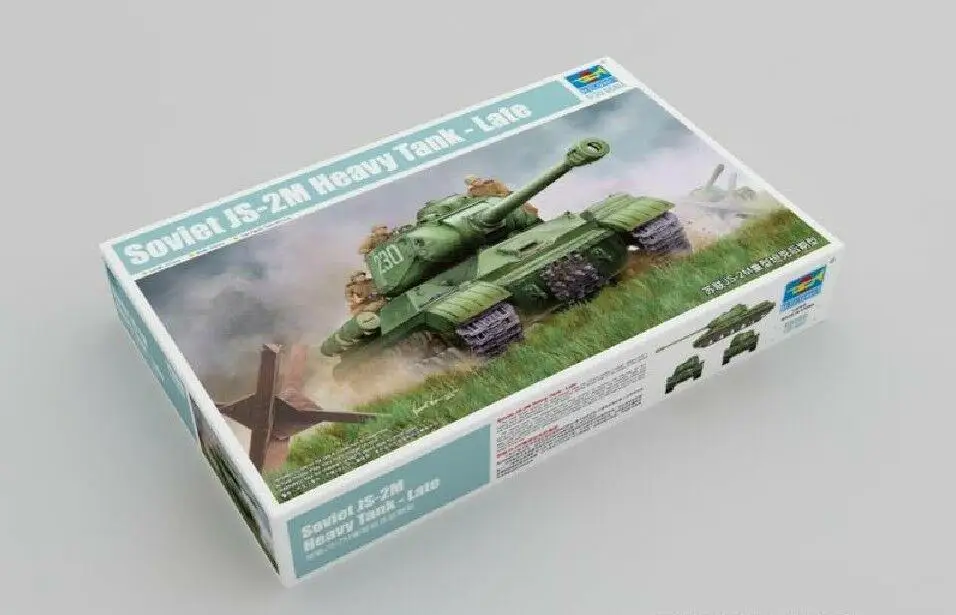 

Советский тяжелый танк Trumpeter 1/35, 05590, JS-2M, последнего типа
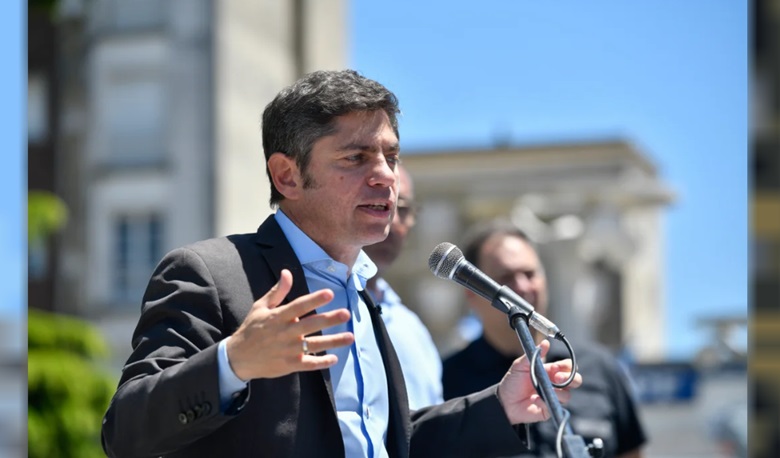 Axel Kicillof, gobernador de la provincia de Buenos Aires.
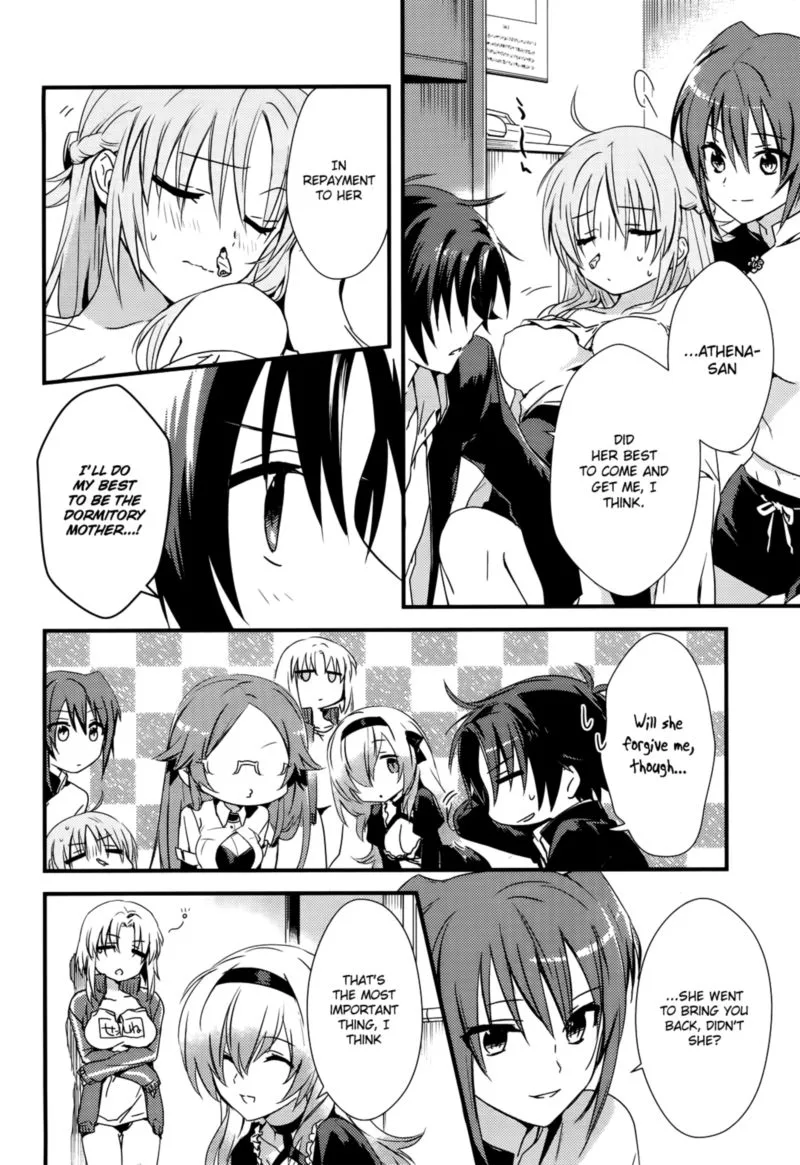 Megami-ryou no Ryoubo-kun Chapter 1 page 35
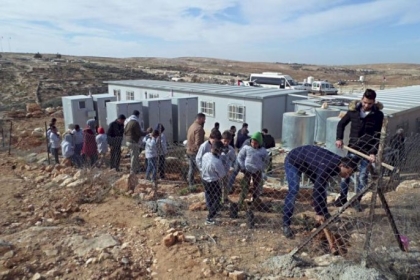 التربية والتعليم برام الله تستنكر إخطار الاحتلال لمدرسة شعب البطم في يطا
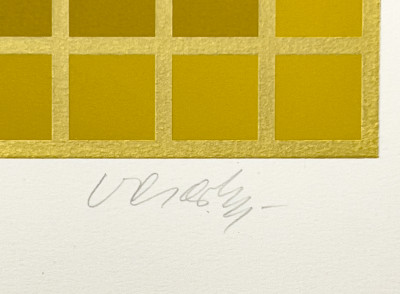 Victor Vasarely - Mexico City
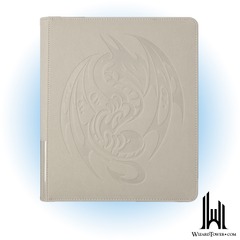 Dragon Shield Card Codex 360  Portfolio Ashen White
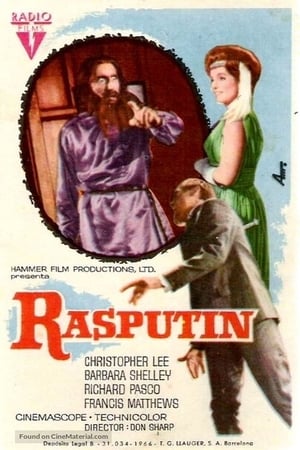 Poster Rasputín 1966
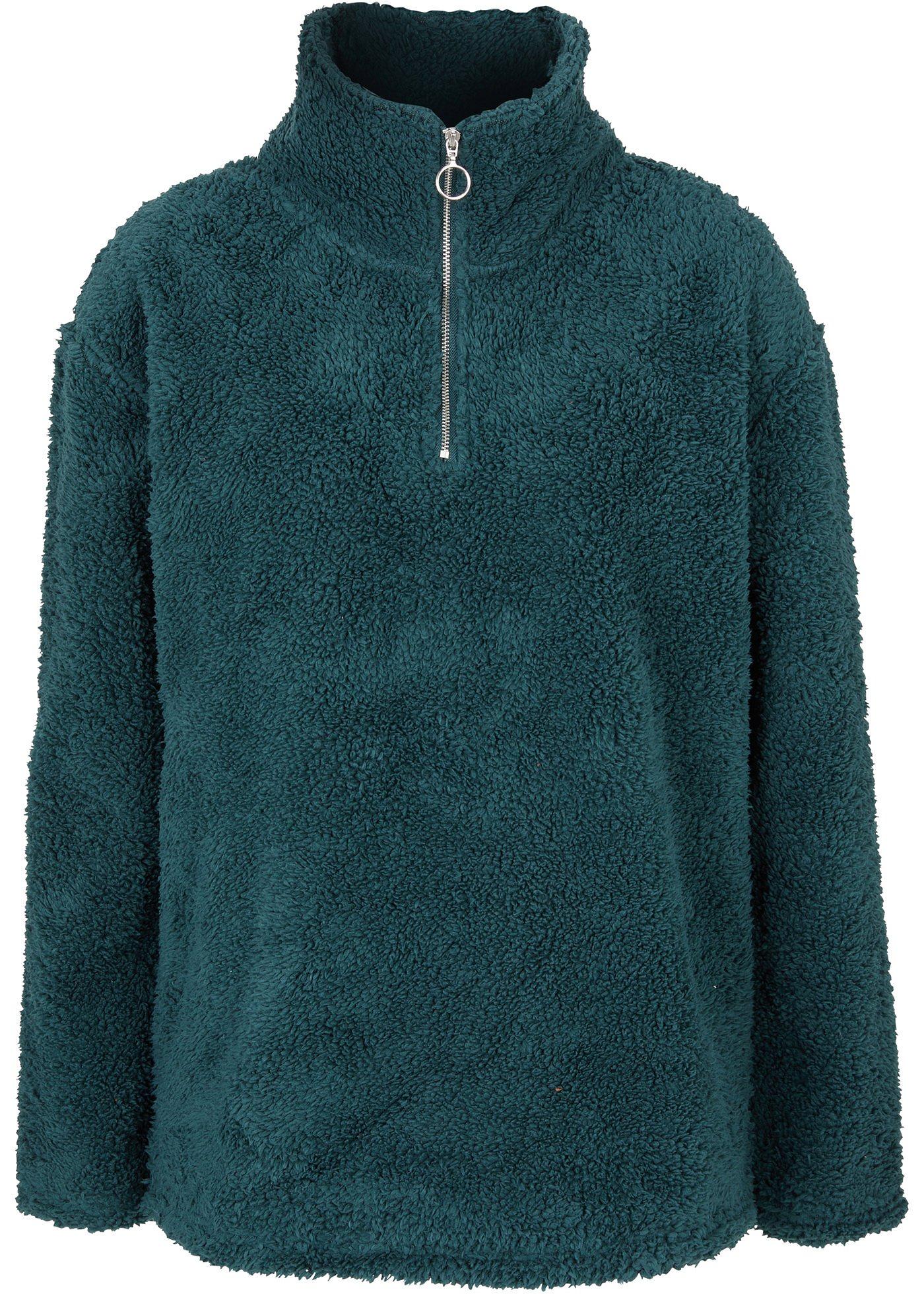 Pull camionneur en polaire peluche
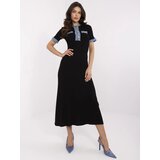 Vinceotto Dress-NM-SK-K435.77-black | Shoptok.si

^^^^

--- ASSIGNMENT ---
Would you please set down the listing above exactly, minus its images?

--- ANSWER TO THIS PROBLEM ---
Советский тяжелый танк Trumpeter 1/35, 05590, JS-2M, последнего типа
 Axel Kicillof, gobernador de la provincia de Buenos Aires.
 Megami-ryou no Ryoubo-kun Chapter 1 page 35
 التربية والتعليم برام الله تستنكر إخطار الاحتلال لمدرسة شعب البطم في يطا
 Victor Vasarely - Mexico City
 Dragon Shield Card Codex 360  Portfolio Ashen White
 Poster Rasputín 1966
 Pull camionneur en polaire peluche
 Vinceotto Dress-NM-SK-K435.77-black | Shoptok.si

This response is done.